# About this task:
From the records that follow, return exactly the lines beginning at the one that contains "Feriehus Three-bedroom Holiday" and ending at the one that contains "2021 Chevrolet Tahoe LT photo 4", pictures left out.

# The records:
╭──

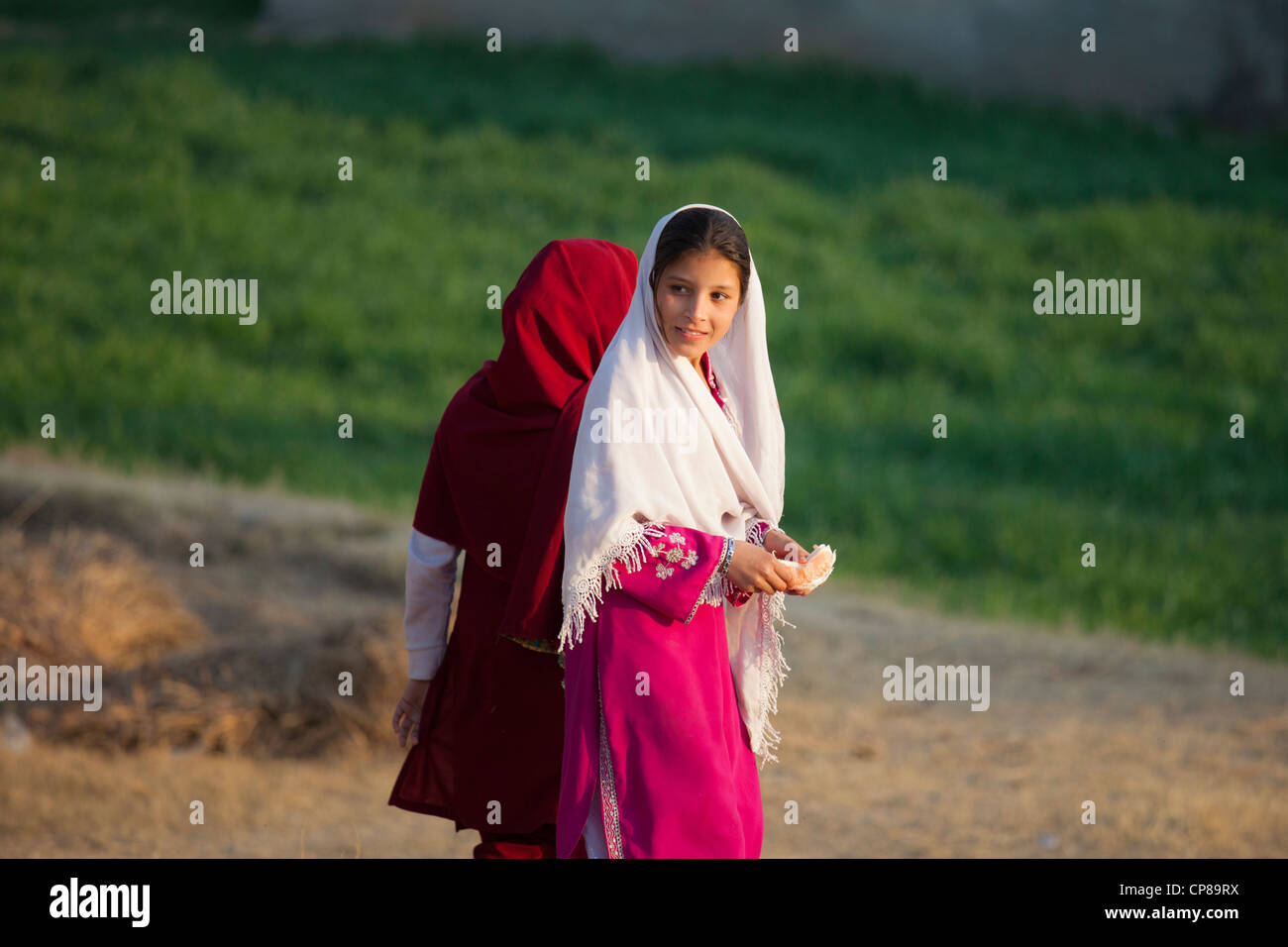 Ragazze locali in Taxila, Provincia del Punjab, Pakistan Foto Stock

╰──
╭──

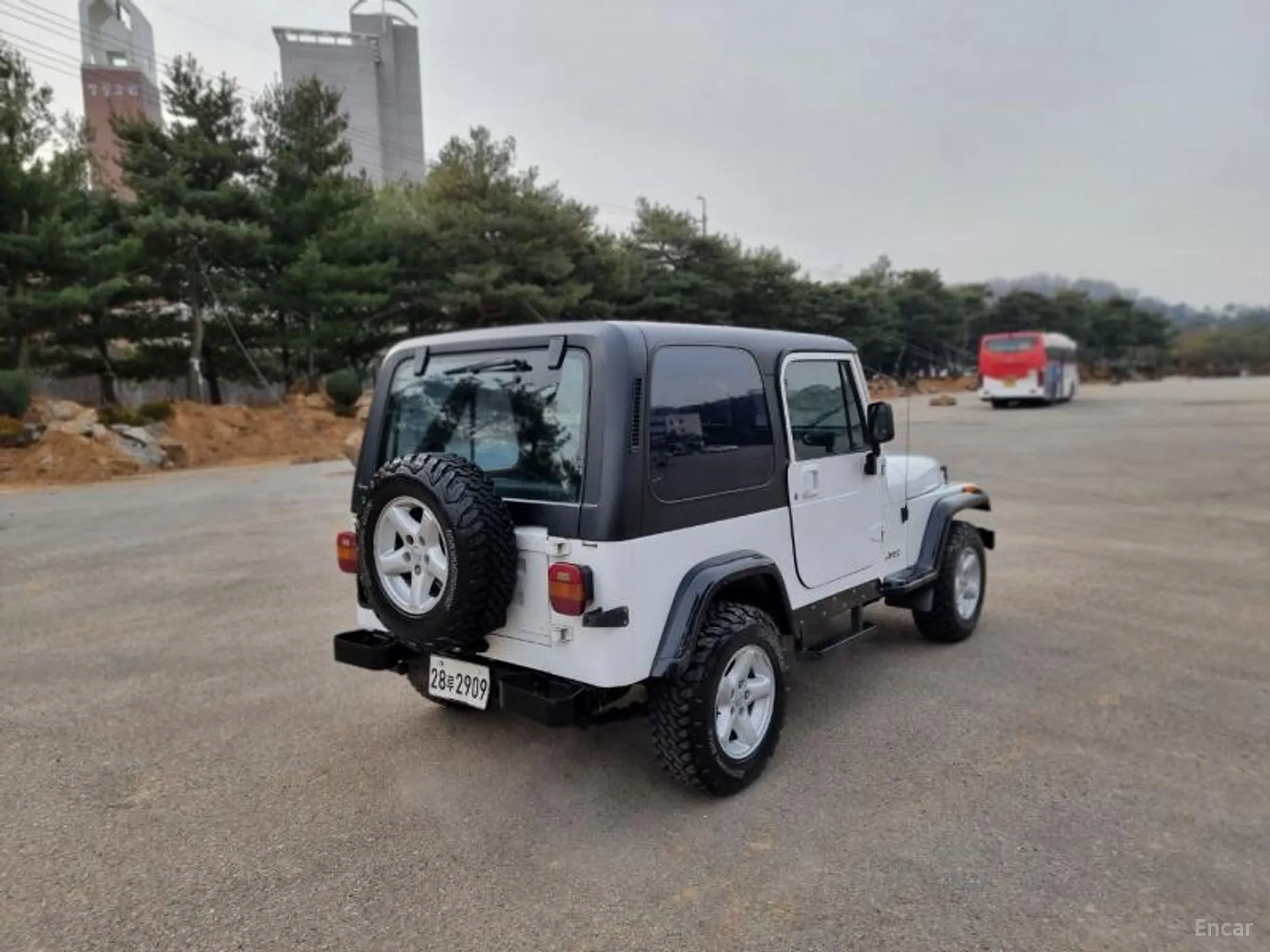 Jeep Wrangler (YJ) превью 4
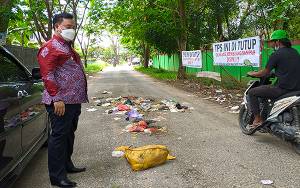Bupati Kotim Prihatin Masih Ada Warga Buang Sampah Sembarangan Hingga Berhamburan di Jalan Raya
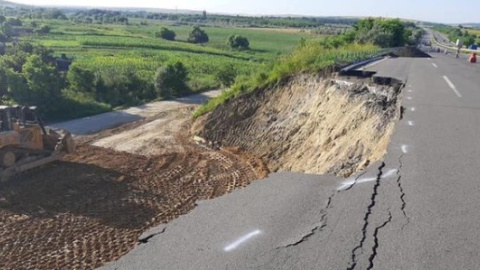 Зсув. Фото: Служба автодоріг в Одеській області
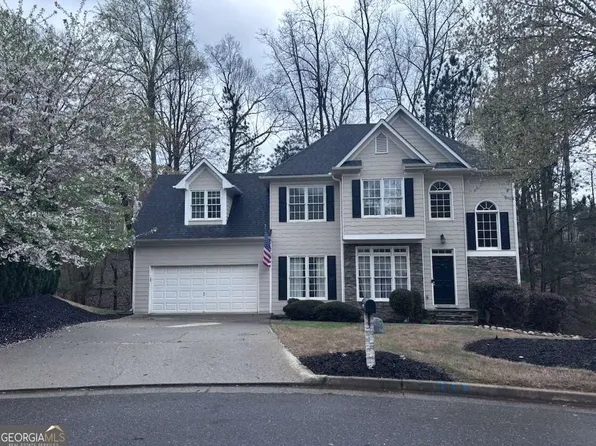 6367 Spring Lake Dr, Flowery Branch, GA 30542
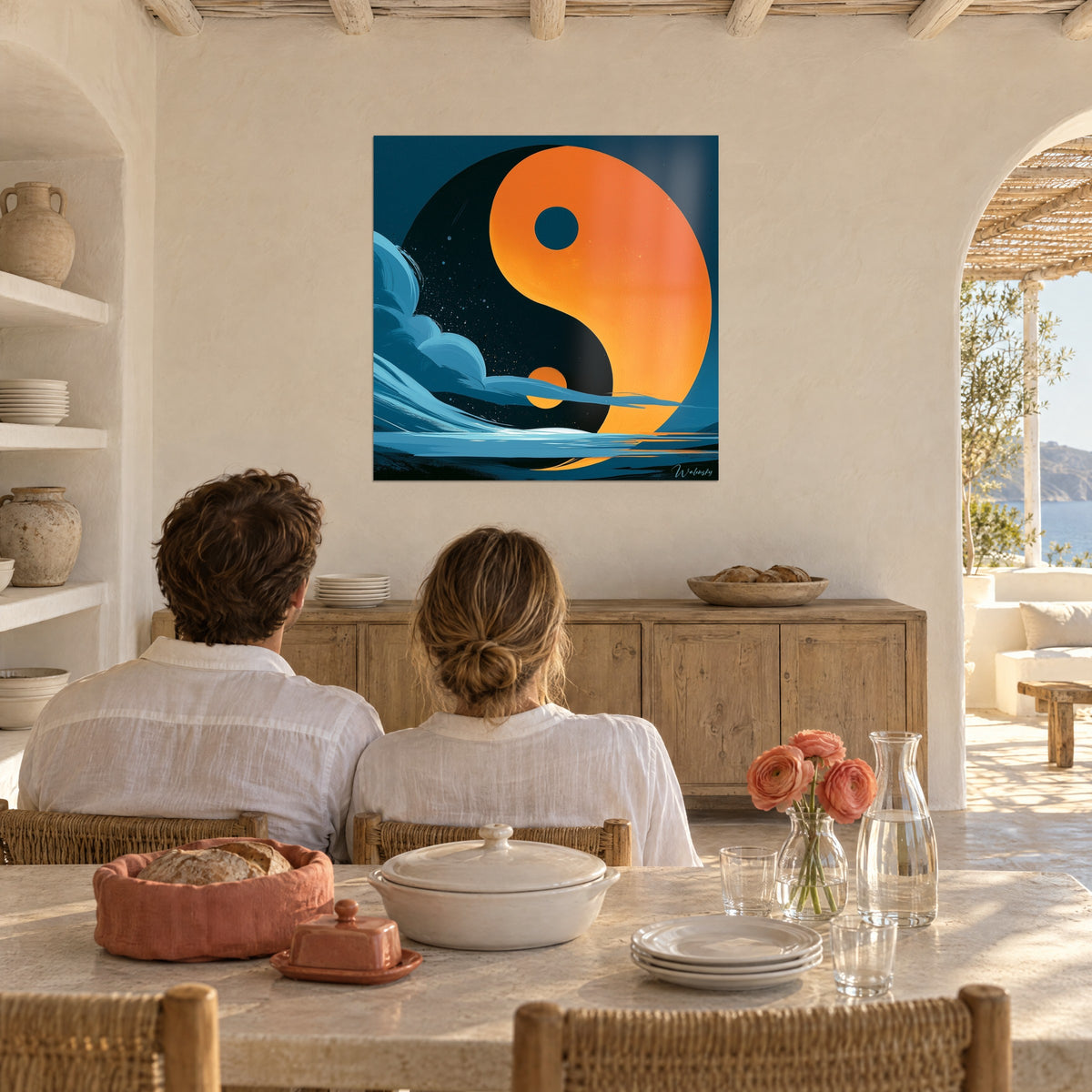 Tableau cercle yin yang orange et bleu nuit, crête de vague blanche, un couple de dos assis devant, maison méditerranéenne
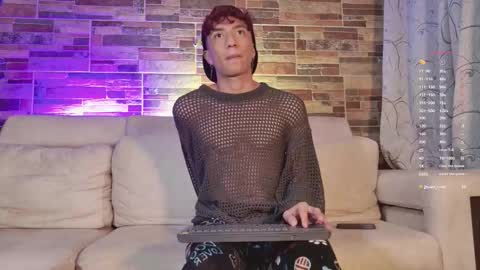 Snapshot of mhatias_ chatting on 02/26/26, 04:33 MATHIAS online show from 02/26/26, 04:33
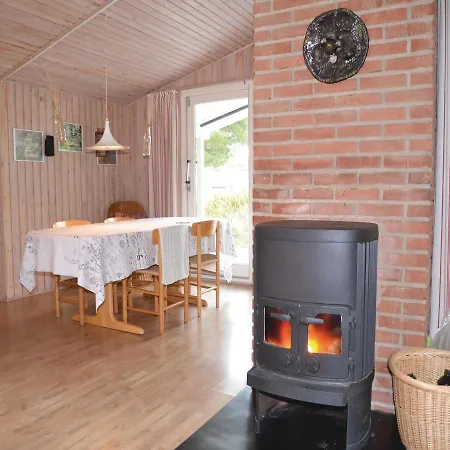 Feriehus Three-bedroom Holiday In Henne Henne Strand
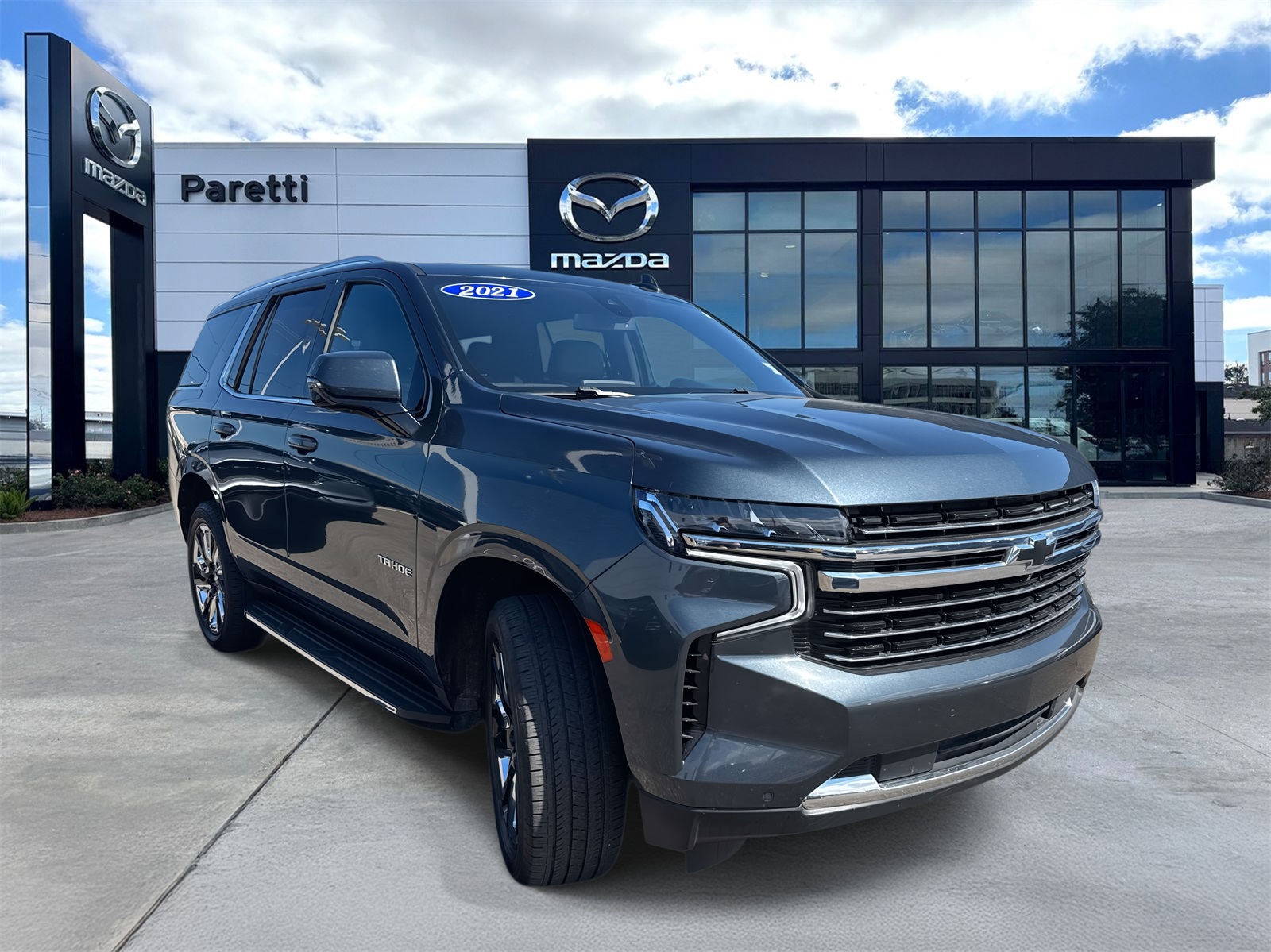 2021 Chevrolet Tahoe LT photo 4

╰──

# Reply to the exercise:
 Feriehus Three-bedroom Holiday In Henne Henne Strand
 2021 Chevrolet Tahoe LT photo 4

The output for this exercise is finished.